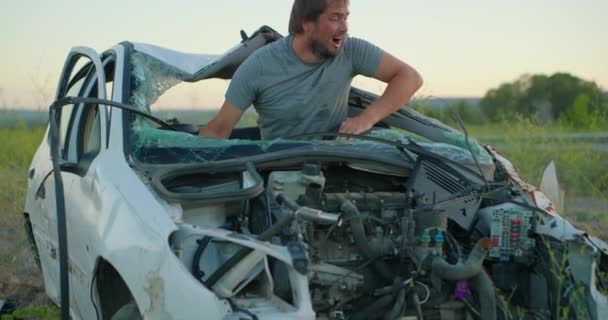 Водитель Разбитой Машины Находится Шоке После Аварии Разрушенная Машина Рядом — стоковое видео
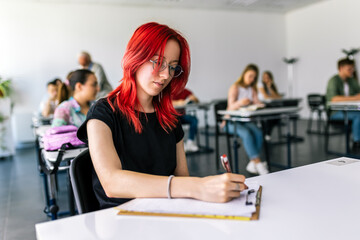 Fototapeta premium Focused young student taking notes from books for her study. College student sitting at desk and studying.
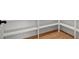 A walk-in pantry with hardwood floors, white trim, and white shelving provides storage at 125 Drummond Pl, Covington, GA 30014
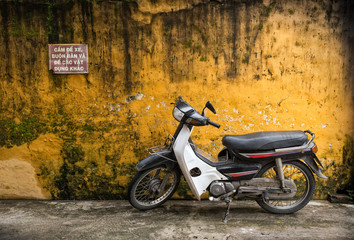 Obraz na płótnie Canvas Old scooter illegally parked in front of rough yellow wall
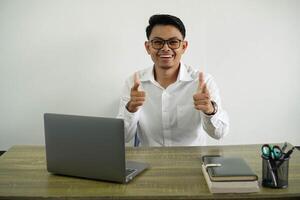 happy young asian businessman in a workplace pointing to the front and smiling wear white shirt with glasses isolated photo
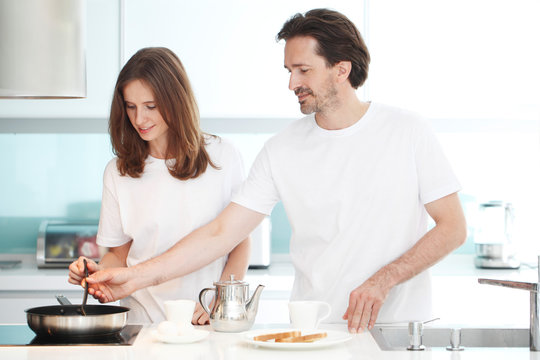 couple cooking breakfast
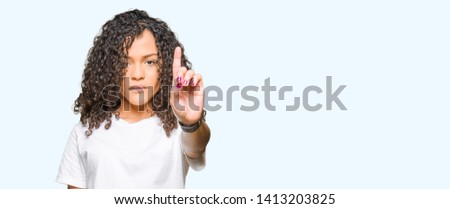 Young beautiful woman with curly hair wearing white t-shirt Pointing with finger up and angry expression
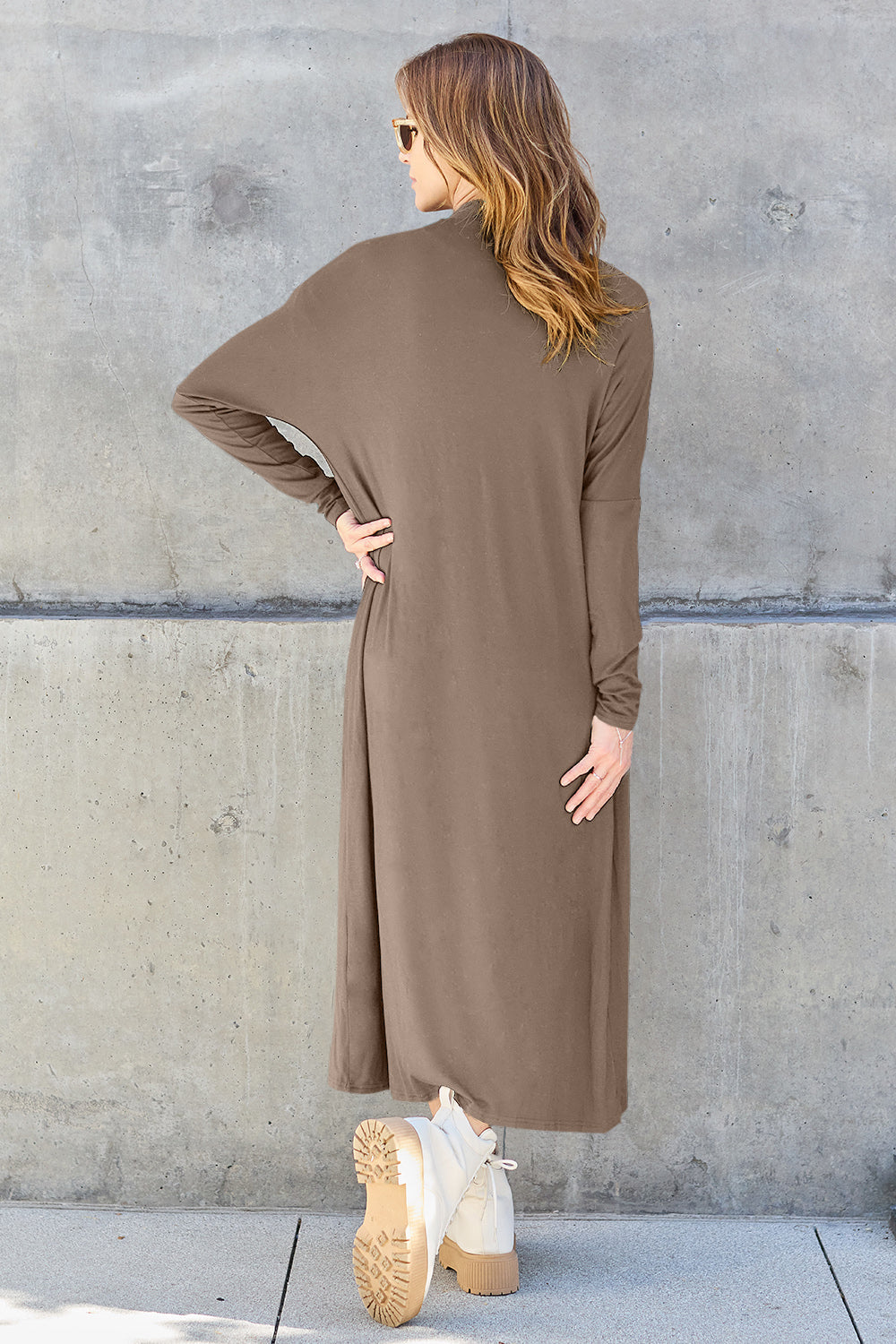 Woman wearing open front long sleeve cover up with pockets, showing back view against concrete wall.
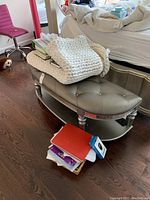 Full view of the tufted bench showing grey leather-like seat with crystal tuft buttons and lower shelf with folded knit blanket and books on and around bench.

==*==

• [TASK TO CARRY OUT]:
Extract, character for character, every line from the one that holds "Obraz na płótnie" through the end of the entries above. Include both boundary lines and no pictures.

• [ANSWER TO THIS PROBLEM]:
 Obraz na płótnie Canvas Old scooter illegally parked in front of rough yellow wall
 happy young asian businessman in a workplace pointing to the front and smiling wear white shirt with glasses isolated photo
 couple cooking breakfast
 Young beautiful woman with curly hair wearing white t-shirt Pointing with finger up and angry expression
 Woman wearing open front long sleeve cover up with pockets, showing back view against concrete wall.
 Full view of the tufted bench showing grey leather-like seat with crystal tuft buttons and lower shelf with folded knit blanket and books on and around bench.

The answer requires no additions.